No such thing.
I am more convinced than ever. Despite the claims of this place (which seem to be grossly exaggerated), I am more sure than ever that there’s no perfect church.
While I’m at it, let me go a step further—because I doubt that many will dispute that there are no perfect churches. I’ve actually become fairly sure that most churches that are “successful” (whatever that means) aren’t even really sure why they’re successful and, conversely, most churches that aren’t successful can’t really be sure why they’re not.
Obviously, there are some sure-fire “church killers.” If you stop focusing on Scripture and the biblical gospel, your church is gonna die. Maybe not soon. But it eventually will. The biggest church in America is going to die. Even huge churches that stop focusing on Scripture and the biblical gospel are not immune. Whole denominations are not immune.
I was part of a conversation at lunch today that focused mainly on how to “do church” well. What does “success” mean? Is there one thing that is biblical success, or do different churches have different and valid meanings of “success”? What do “numbers” mean? How do you measure what’s really going on when you have lots of people at your church or have few people at your church? (Hint: You can’t.) What is “church”? Do programs work? Always? Never? Sometimes? What about these churches that have a charismatic (not that kind) speaker and a rockin’ band and they get thousands of people? Is that necessarily good or bad? Are huge churches doing something right or something wrong? Are small churches doing something wrong or something right? Is it possible to know?
Every week there is a new article or program or book that promises huge results and has promising people promising huge results from it. Just this morning there was another one. This one was all the rage not long ago. There’s also this one and this one and this one and everything from this guy. They all have good ideas. They all make valid points. And none of them will necessarily do much to help your church. That’s the truth that is never spoken. Sometimes you’re faithful and you get sawn in two anyway (Heb. 11:37).
Here’s what I’m (close to) convinced of: No one understands our culture perfectly. Therefore no one understands the subculture/demographic they’re trying to reach perfectly. And no one understands what reaches that subculture/demographic perfectly. And no one implements perfectly what reaches the subculture/demographic they’re trying to reach.

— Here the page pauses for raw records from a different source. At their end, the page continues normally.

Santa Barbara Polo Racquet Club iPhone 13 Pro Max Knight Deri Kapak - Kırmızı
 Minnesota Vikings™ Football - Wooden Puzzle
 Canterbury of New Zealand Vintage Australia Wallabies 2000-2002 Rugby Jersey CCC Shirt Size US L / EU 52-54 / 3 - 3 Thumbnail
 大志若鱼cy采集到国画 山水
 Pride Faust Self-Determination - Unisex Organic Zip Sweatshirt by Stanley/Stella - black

And no one has a perfect grasp on what “reach” means.
So… where is this rant going?
Here’s what I think: I think church leaders need not be so frustrated. I think we need to think carefully about what we want to do. We need to come up with an imperfectly conceived, imperfectly thought-out, imperfectly implemented plan and then pray, submit ourselves to God, and see what the Holy Spirit does with it.
I deeply appreciate the humility of people like Matt Chandler, whose church has grown to 6,000+ in six years and he admits that he doesn’t know why. He’s actually surprised. And he admits that there are both a lot of committed followers of Christ as well as a lot of uncommitted “Christians” at his church. And he doesn’t like it (the latter, that is). I suspect that he’ll never try to write a book on how to “do ministry” because he and his staff don’t know what happened. Matt started preaching, he hired his friends, and the church blew up. He accepts conference speaking invitations with a certain amount of disdain because he knows he’s doing nothing differently than a thousand other pastors whose churches aren’t going as well. But no one asks pastors of churches of 200 people to speak at conferences—even if they are doing exactly what Chandler is doing.
On the other hand, I think it’s hilarious that so many pastors with big churches think they know why their church is big. I don’t think they do. I really don’t. Not fully. There are too many factors involved – some known and some unknown.
So, am I saying that “how to do church” books are worthless? Of course not. Am I saying that Ed Stetzer isn’t a genius. Of course not. Am I saying that the numerical “success” of megachurches is always hollow? Of course not. Am I saying that the smallness of small churches is always virtuous? Of course not. I’m saying that “The wind blows where it wishes, and you hear its sound, but you do not know where it comes from or where it goes. So it is with everyone who is born of the Spirit” (3:8).